Örneğin, Ulusal Sanat Vakfı, Çeşitlilik, Eşitlik ve Kapsayıcılık (DEI) ile ilgili olarak yorumlanan her şey için fon sağlamayı ortadan kaldırırken, propaganda emelli “Amerika Birleşik Devletleri’nin yarı beş yüzüncü yılını kutlayan projelere” öncelik verdi.
DEJENERE SANAT
En hudut bozucu olanı, Trump’ın çılgın Truth Social tiradında John F. Kennedy Sahne Sanatları Merkezi’nin idare şurasını tasfiye etmesi, kendisini lider olarak ataması ve birebir toplumsal medya sitesinde “Amerikan Sanat ve Kültürünün ALTIN ÇAĞI” vizyonunu övmesiydi: “ARTIK DRAG ŞOVLARI YAHUT BAŞKA AMERİKAN AKSİSİ PROPAGANDALAR YOK – YALNIZCA EN YETERLİLER. RIC, ŞOV İŞİNE BEĞENİLEN GELDİN!”

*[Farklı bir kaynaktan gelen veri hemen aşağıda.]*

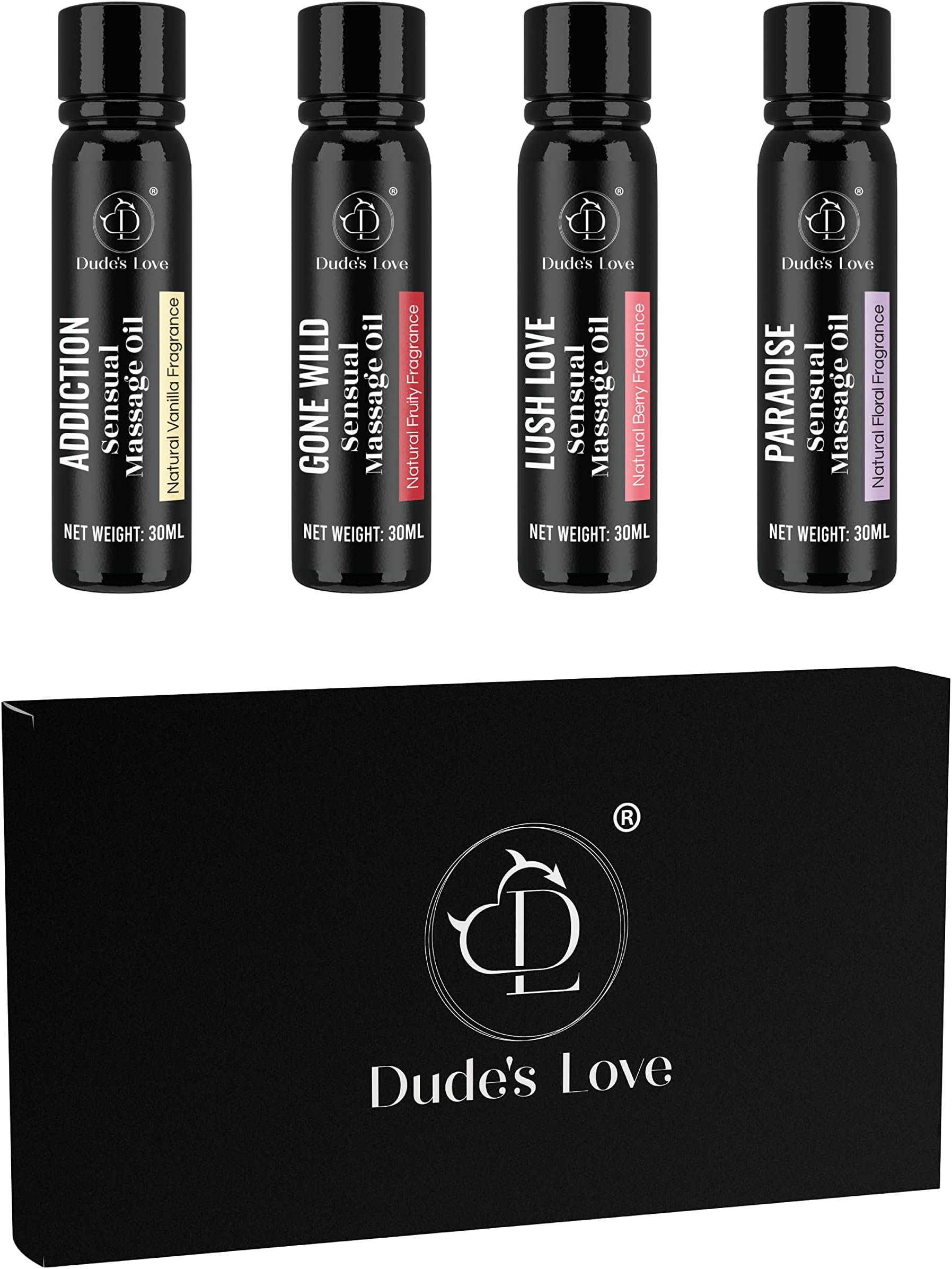 Organic Sensual Safe to Lick Body Massage Oils for Couples - Gift Set Romantic Date Night – Non Greasy No-Stain Fractionated Coconut Oil Quick Absorbing Smooth Glide Trial Pack of 4-120 ML/4 Fl Oz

Trump daha sonraki bir gönderisinde, “Bundan sonra, Kültürel çürümemizin son ögelerine karşı Amansız bir Arınma Savaşı başlatacağız! Amerikan Sanatını Tekrar Hoş Yap!” diye yazdı. Fakat bunu yayınlamadı. Trump’ın itinasız büyük harf kullanımı ve uydurulmuş ikinci cümle yapmacıklığı dışında, bu tabir Adolf Hitler tarafından 18 Temmuz 1937’de Münih’teki Büyük Alman Sanat Standı’nın açılışında yapılan bir konuşmada lisana getirildi.

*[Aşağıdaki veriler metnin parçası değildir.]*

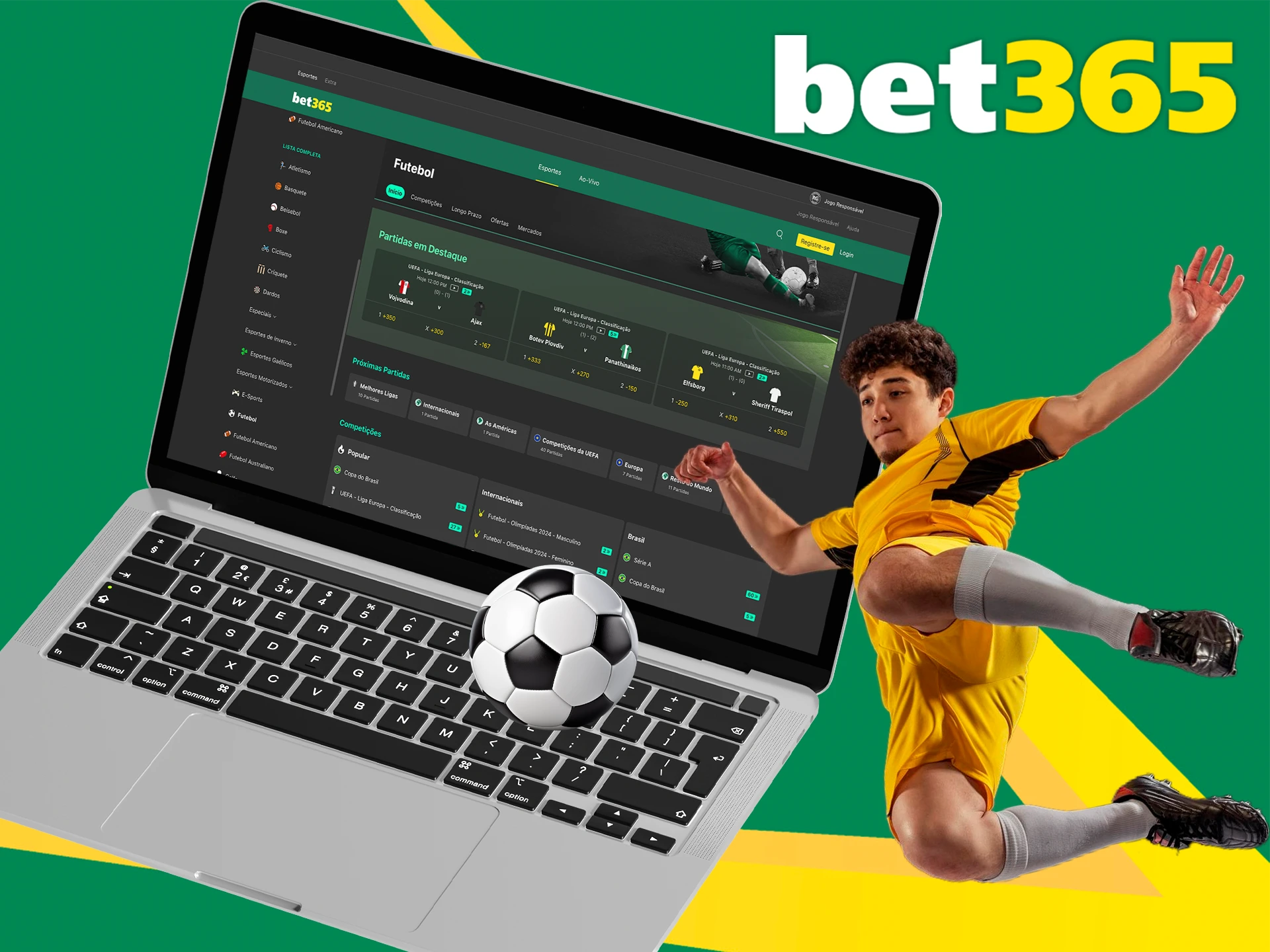 Preveja apostas de futebol e ganhe com a Bet365.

Trump ve Hitler’in sanatsal hislerinin (ve diğerlerinin) bu kadar kusursuz bir halde bir ortaya getirilebilmesi kaygıya yer bırakmayacak kadar büyük. Liderimizin faşizminin açık bir soru olduğunu sav edenler hâlâ olsa da — Elon Musk’ın Sieg Hiel’i uygun bir halde açıklanmış — MAGA hareketinin sanata olan yeni ilgisi daha da uğursuz bir dönüşün habercisi.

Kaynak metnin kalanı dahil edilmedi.